Nepal has spent decades searching for a development model that can deliver sustained growth, quality jobs, and economic dignity at home. Despite progress in recent years, the economy remains heavily dependent on remittances, low-productivity agriculture, and small-scale trade—a structure that leaves millions vulnerable and forces young Nepalis to seek opportunity abroad.
A new technological shift now offers a rare chance to break this cycle. Artificial intelligence is rapidly becoming the foundation of global economic activity, reshaping how value is created across industries, borders, and labour markets. Countries that move early will define new supply chains and accumulate long-term advantages; those that delay risk being locked into the margins of the global economy.
For Nepal, AI is not a distant or abstract trend. Combined with its vast untapped hydropower potential and a young, digitally adaptive population, the AI boom presents a realistic pathway for the country to leapfrog traditional development stages and emerge as a major South Asian economy within the next decade—if it acts decisively.
For much of the 20th century, economic transformation was driven by industrialisation and manufacturing. In the early 2000s, information technology and mobile connectivity reshaped growth trajectories. Today, AI is performing a similar role, driving productivity, innovation, and competitiveness across every sector. Nations that harness it early will command new industries and geopolitical influence; those that hesitate will remain stuck in low-value labour markets.

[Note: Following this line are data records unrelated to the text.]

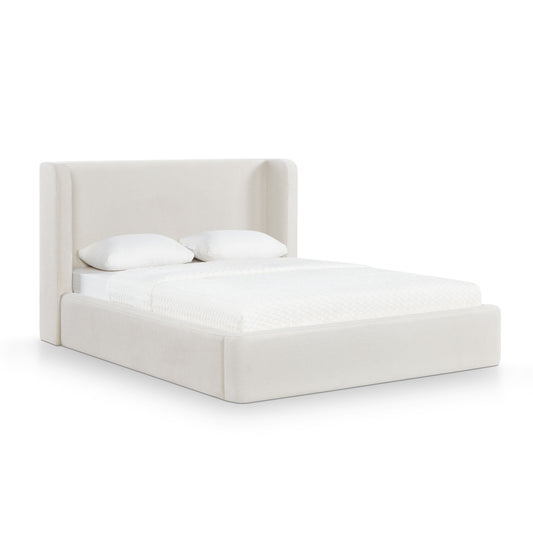 Harmony Performance Chenille Bed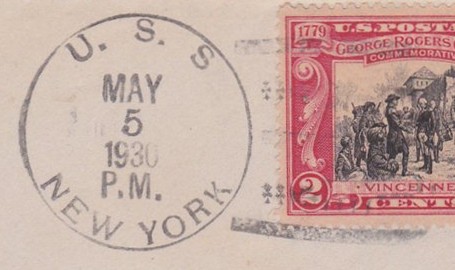 File:JonBurdett newyork bb34 19300505 pm.jpg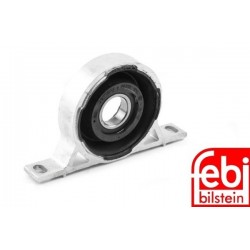 Bmw 5 Series E60 Chassis Shaft Middle Suspension Ball Febi Bmw 5 Series E60 Chassis Shaft Middle Suspension Ball Febi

AI-focused institutes, coding schools, and vocational programmes must be expanded, while universities modernise curricula around AI, cloud computing, and cybersecurity. A modern data-governance and cybersecurity framework is needed to build trust and attract investors.
Nepal stands at an inflection point. The traditional development path—building heavy manufacturing bases, fossil-fuel industries, or large export processing zones—is neither practical nor competitive given the country’s geography, market size, and resource constraints. AI, however, changes the rules. It lowers entry barriers and rewards countries that can combine clean energy, digital infrastructure, and human capital.

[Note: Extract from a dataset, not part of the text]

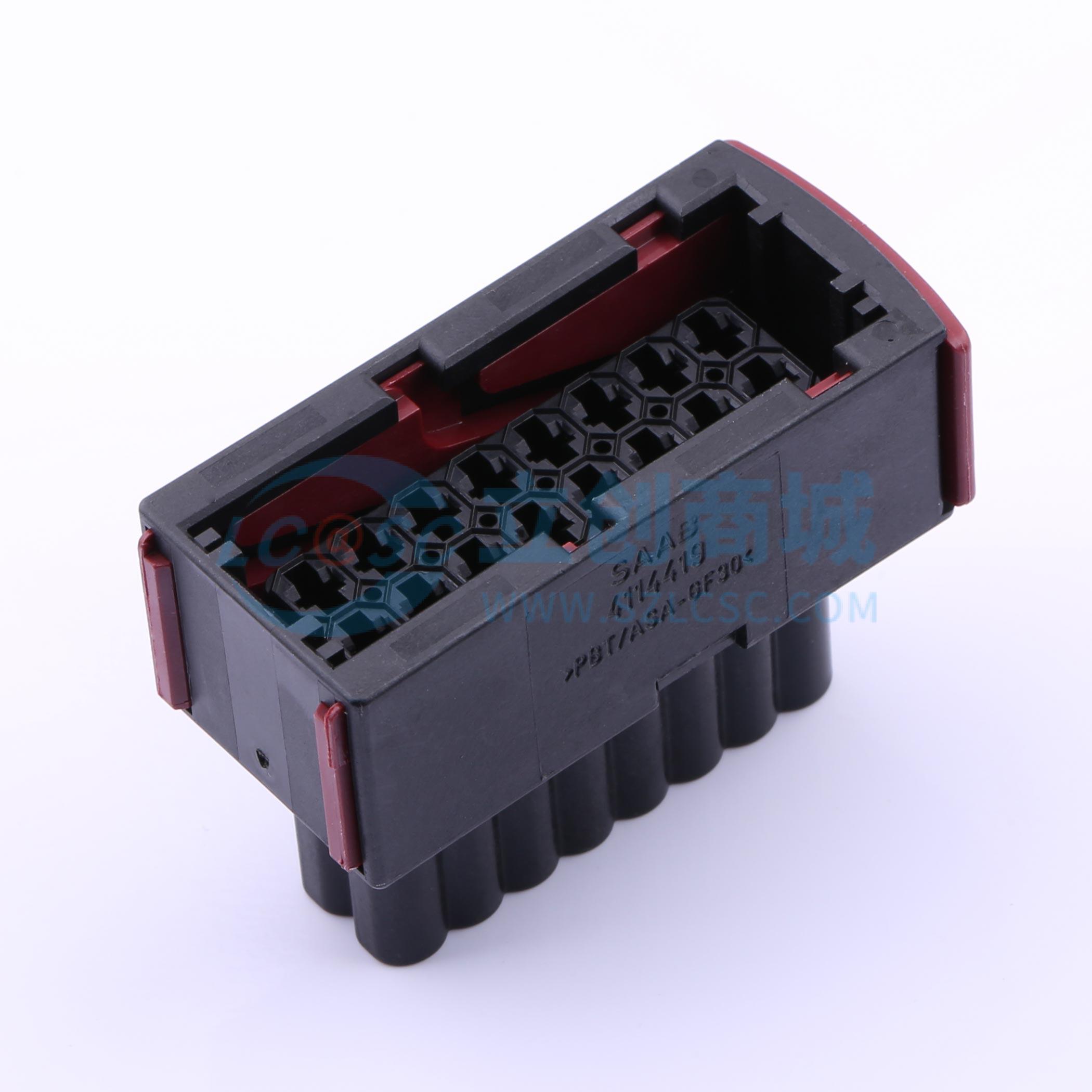 点击查看大图 1-963217-1实物图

One of the least discussed but most critical drivers of the AI economy is electricity. Training large AI models, running cloud platforms, and operating data centres consume enormous amounts of power. Globally, data centres are among the fastest-growing sources of energy demand, and governments from the United States to India are racing to secure clean, reliable, and affordable electricity for AI infrastructure.
This is where Nepal holds an extraordinary advantage. With over 83,000 megawatts of hydropower potential—roughly half of it commercially viable—Nepal is one of the world’s richest countries in renewable energy. Yet only a small fraction has been developed. Meanwhile, much of South Asia faces rising energy demand, fossil-heavy grids, transmission bottlenecks, and growing environmental constraints.
In an AI-driven world where clean electrons are becoming a strategic currency, Nepal possesses something more valuable than oil: scalable, green, reliable power. If this advantage is channelled strategically, hydropower can become the foundation of a new digital industrial base.
Nepal has a credible opportunity to position itself as South Asia’s green compute hub. Global technology companies such as Amazon, Google, Microsoft, and Nvidia—along with Indian IT leaders like Infosys, TCS, and HCL—are actively seeking locations with long-term renewable energy, political stability, predictable regulation, and competitive costs. India’s data centre market is expanding rapidly, but power constraints, land shortages, and environmental pressures in major cities are already emerging.
Nepal can help fill this gap. By combining hydropower surplus with targeted policies, the country could host data centres, AI clusters, cloud operations, and disaster-recovery facilities powered entirely by clean energy.
This would attract billions in foreign direct investment, create thousands of high-skilled jobs, accelerate grid upgrades, and provide a stable long-term market for electricity. Countries such as Iceland and Norway have already demonstrated how hydropower can be transformed into digital infrastructure wealth. Nepal can do the same—but it must move quickly.
AI also offers Nepal a pathway out of its long-standing dependence on remittances. For decades, Nepali workers have powered labour markets in the Middle East, Malaysia, and beyond. Remittances have sustained the economy, but at a high social cost, draining talent from communities and separating families for years.
The AI economy allows for a different model. AI-powered productivity tools—from coding assistants to design generators and automated analytics—are lowering skill barriers and enabling participation in global digital industries from anywhere.
Combined with remote work and cloud platforms, AI can allow Nepali youth to access global IT, design, data, and cybersecurity roles without leaving the country. It can create tens of thousands of location-independent jobs and allow small Nepali firms to export digital services while remaining rooted domestically.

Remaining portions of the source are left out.